1. Limited time only! Sign up for a free 30min personal tutor trial with Chegg Tutors
    Dismiss Notice
Dismiss Notice
Join Physics Forums Today!
The friendliest, high quality science and math community on the planet! Everyone who loves science is here!

Homework Help: The Matrices

  1. Oct 12, 2008 #1

    (a) Let [tex]A = \left(\begin{array}{ccc}1\\2\\-2\end{array}\right)[/tex], B = (0 3 -1)
    Find AB and BA or else explain why it cannot be done.
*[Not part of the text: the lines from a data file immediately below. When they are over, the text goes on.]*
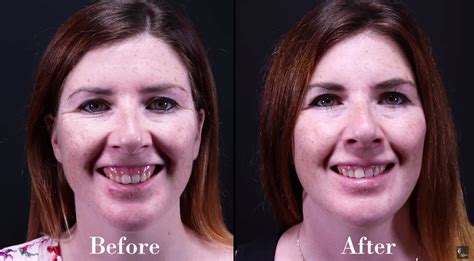 Gummy Smile Treatment | Victorian Cosmetic Institute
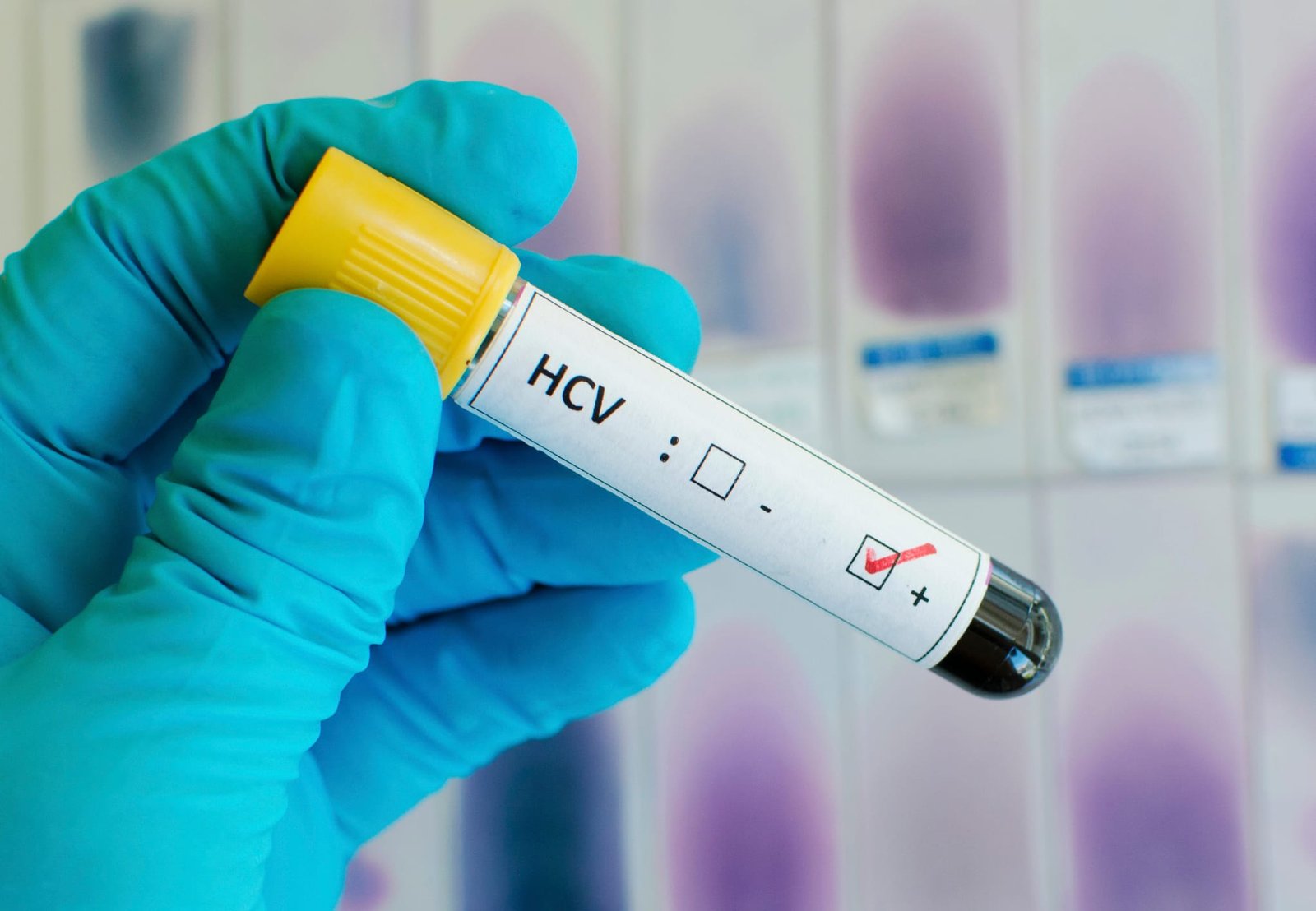 سعر تحليل الكبد الوبائي في السعودية 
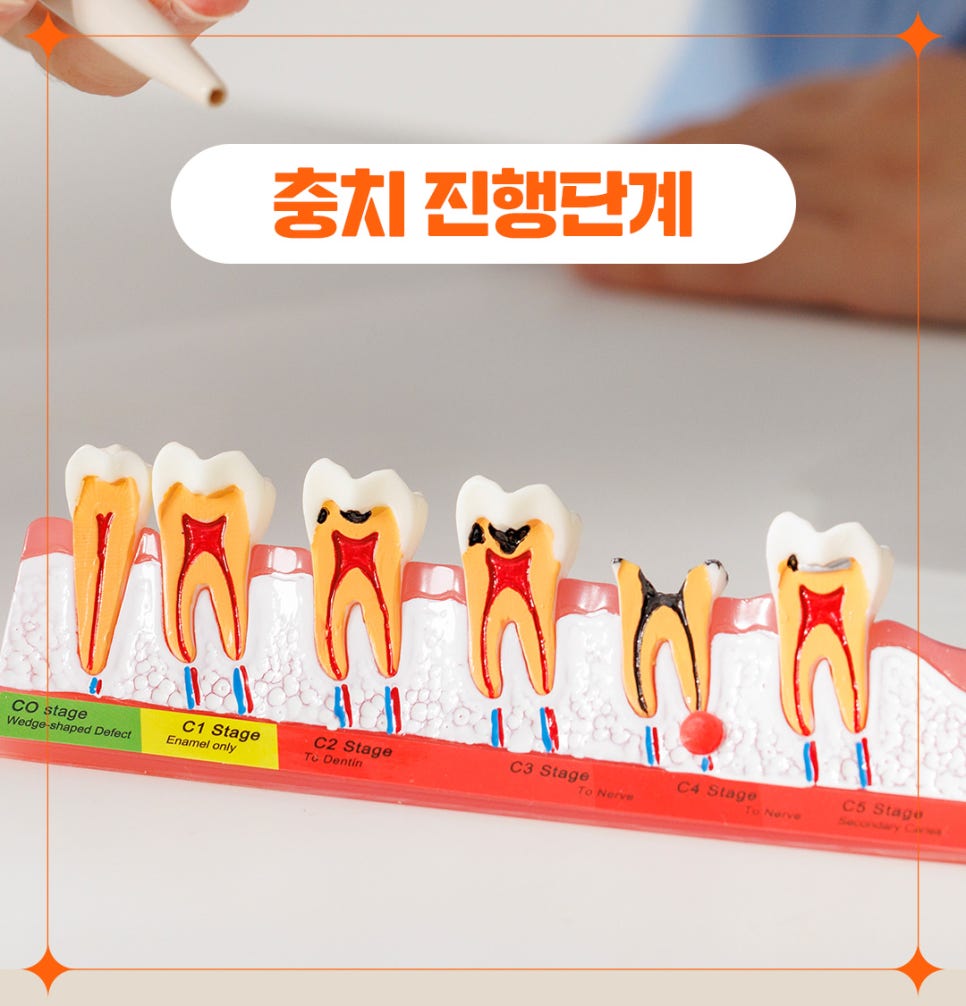 매일 양치해도 충치 생기는 이유 관련 이미지 4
    (b) Let [tex]R_{\theta} = \left(\begin{array}{ccc}cos\theta&-sin\theta\\sin\theta&cos\theta\end{array}\right)[/tex], Find [tex]R_{\theta}R_{-\theta}.[/tex]

    3. The attempt at a solution

    (a) I believe that AB & BA cannot be computed because one of them is a row while the other one is a column. A column represents a vector whilst a row represents a point.

    The only way to find AB is to find B transpose aka BT and hence compute ABT.

    Is this the right answer for part (a) ? Thanks.
  2. jcsd
  3. Oct 13, 2008 #2


    User Avatar
    Science Advisor
    Homework Helper

    No, both AB and BA can be computed. One is a number and the other is a 3x3 matrix. Why?
  4. Oct 13, 2008 #3
    Oh I realized that! Thanks a lot. I managed to compute both AB and BA.
    :smile: :smile:

    But I don't understand part (b), we are required to find [tex]R_{\theta}R_{-\theta}[/tex].
    I reckon we need to multiply the matrix [tex]R_{\theta}[/tex] by [tex]R_{-\theta}[/tex].

    I don't understand, what is [tex]R_{-\theta}[/tex]?
  5. Oct 13, 2008 #4


    User Avatar
    Homework Helper

    [tex]R_{-\theta}[/tex] is what you get when you replace all the [tex]\theta[/tex] in the matrix with [tex]-\theta[/tex].
  6. Oct 13, 2008 #5
    [tex]R_{\theta} = \left(\begin{array}{ccc}cos\theta&-sin\theta\\sin\theta&cos\theta\end{array}\right)[/tex]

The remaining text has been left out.